### Exercise prompt
List every line below containing "flow".

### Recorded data
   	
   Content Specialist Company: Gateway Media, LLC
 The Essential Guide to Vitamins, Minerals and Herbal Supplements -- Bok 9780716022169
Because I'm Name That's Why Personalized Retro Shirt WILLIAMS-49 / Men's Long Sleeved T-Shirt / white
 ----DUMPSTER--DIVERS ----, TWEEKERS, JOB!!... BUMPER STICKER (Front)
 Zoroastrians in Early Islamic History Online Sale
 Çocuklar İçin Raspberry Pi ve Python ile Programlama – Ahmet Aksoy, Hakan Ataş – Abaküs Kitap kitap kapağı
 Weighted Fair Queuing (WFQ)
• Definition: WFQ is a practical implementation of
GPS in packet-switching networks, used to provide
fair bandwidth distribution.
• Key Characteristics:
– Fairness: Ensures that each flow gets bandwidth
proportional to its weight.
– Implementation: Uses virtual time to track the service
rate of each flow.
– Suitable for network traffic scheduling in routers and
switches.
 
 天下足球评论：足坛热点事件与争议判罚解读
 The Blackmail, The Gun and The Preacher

### Solution for this task
– Fairness: Ensures that each flow gets bandwidth
rate of each flow.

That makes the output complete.